Re: Allow other doctypes

On Jun 16, 2007, at 7:41 PM, Ben Boyle wrote:

>
>> Conforming HTML4 and XHTML1 docs will not become non-conforming  
>> HTML4 and
>> XHTML1 docs. They'll remain conforming HTML4 and XHTML1 docs. They  
>> won't
>> be conforming HTML5 docs because they aren't HTML5 docs in the first
>> place. I don't see this as a problem.
>
> Absolutely. Doctype is the only way I (as an author) know of to
> indicate my intentions to a UA.
>
> For example, if I want a document treated as HTML 4.01 Strict I would
> indicate this with:
> <!DOCTYPE HTML PUBLIC "-//W3C//DTD HTML 4.01//EN"
> "http://www.w3.org/TR/html4/strict.dtd">
>
>
> Likewise XHTML 1.0 Strict:
> <!DOCTYPE html PUBLIC "-//W3C//DTD XHTML 1.0 Strict//EN"
> "http://www.w3.org/TR/xhtml1/DTD/xhtml1-strict.dtd">

These doctypes won't actually have any effect on the processing of  
your document except to trigger standards mode instead of quirks mode  
(which mostly affects CSS processing, not HTML). They will have the  
exact same effect as each other, and would have the same effect as  
HTML 4.01 or XHTML 1.0 frameset or transitional docypes. In  
particular the XHTML doctype will not trigger XML parsing.

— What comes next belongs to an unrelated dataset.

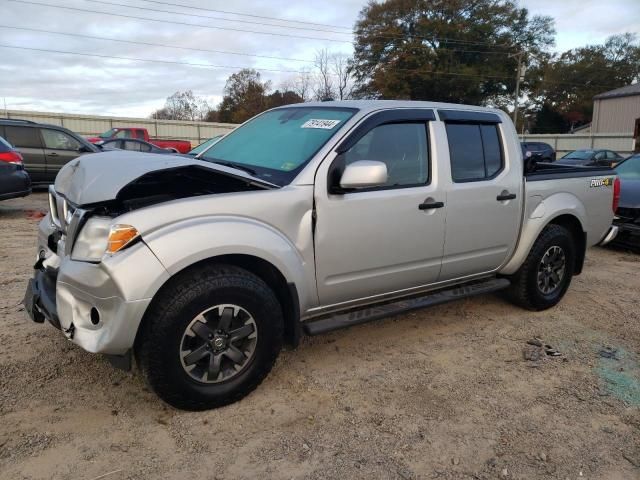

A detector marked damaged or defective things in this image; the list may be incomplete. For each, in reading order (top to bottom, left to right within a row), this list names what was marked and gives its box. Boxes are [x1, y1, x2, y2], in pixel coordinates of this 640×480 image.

crumpled hood [55, 149, 272, 203]
crumpled hood [616, 176, 640, 206]
damaged front bumper [24, 213, 170, 360]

> And I can indicate HTML5 using: <!DOCTYPE HTML>
> (This looks to me like it will cause problems beyond HTML5 ... how are
> we going to indicate documents are HTML5 or HTML6 or HTML* if they
> only say "DOCTYPE HTML" ?)
>
> UAs are going to honour this right? They are not going to start
> treating anything with <!DOCTYPE HTML PUBLIC "-//W3C ... (etc) as
> HTML5, are they?

Depends on which UA, Mozilla, Safari and Opera likely will, just as  
today they treat documents with the HTML 3.2 doctype as HTML4.

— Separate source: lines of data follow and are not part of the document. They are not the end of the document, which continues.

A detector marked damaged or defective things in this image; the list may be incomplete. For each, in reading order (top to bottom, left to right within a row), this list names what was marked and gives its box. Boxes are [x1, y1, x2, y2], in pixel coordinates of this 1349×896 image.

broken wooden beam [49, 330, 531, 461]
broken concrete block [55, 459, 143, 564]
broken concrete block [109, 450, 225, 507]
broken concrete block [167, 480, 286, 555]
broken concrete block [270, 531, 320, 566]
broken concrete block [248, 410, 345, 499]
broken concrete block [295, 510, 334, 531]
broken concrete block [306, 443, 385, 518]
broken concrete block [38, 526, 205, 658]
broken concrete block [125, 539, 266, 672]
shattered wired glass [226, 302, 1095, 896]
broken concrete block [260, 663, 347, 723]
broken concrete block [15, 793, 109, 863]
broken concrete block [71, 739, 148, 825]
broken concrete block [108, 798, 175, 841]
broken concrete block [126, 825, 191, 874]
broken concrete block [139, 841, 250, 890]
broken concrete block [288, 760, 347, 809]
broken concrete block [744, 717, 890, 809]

> I am also curious how HTML5 documents are handled in UAs that don't
> understand HTML5. This is my primary interest in "backwards
> compatibility" because the day I start producing documents using HTML5
> it will be the #1 issue to deal with. Mostly because we'll be waiting
> years until browsers are updated (think of all those organisations
> that mandate a corporate browser for all staff... they resist
> upgrading! ;)

They would be treated as HTML 4.01 in standards mode in existing UAs.

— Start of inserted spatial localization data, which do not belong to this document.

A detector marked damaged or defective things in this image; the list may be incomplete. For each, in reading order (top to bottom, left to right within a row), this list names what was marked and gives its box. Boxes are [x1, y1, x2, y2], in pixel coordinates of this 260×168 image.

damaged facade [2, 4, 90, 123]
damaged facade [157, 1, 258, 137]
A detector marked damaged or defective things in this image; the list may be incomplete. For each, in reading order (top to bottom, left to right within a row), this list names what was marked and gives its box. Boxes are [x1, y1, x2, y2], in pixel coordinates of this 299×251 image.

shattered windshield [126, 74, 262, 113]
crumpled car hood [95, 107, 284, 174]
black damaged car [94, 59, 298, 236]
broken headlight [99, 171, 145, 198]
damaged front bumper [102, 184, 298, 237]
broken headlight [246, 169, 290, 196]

> I intend to do some testing with HTML5 backwards compatibility soon
> (so I guess I'll be flagging documents with "<!DOCTYPE HTML>") on
> sites where there's no risk if things go horribly wrong (no different
> to deciding to use application/xhtml+xml on a private site I think).
> I'd encourage all authors to do this ... start using HTML5 today where
> you can! That'll show us where the issues (for authors) are.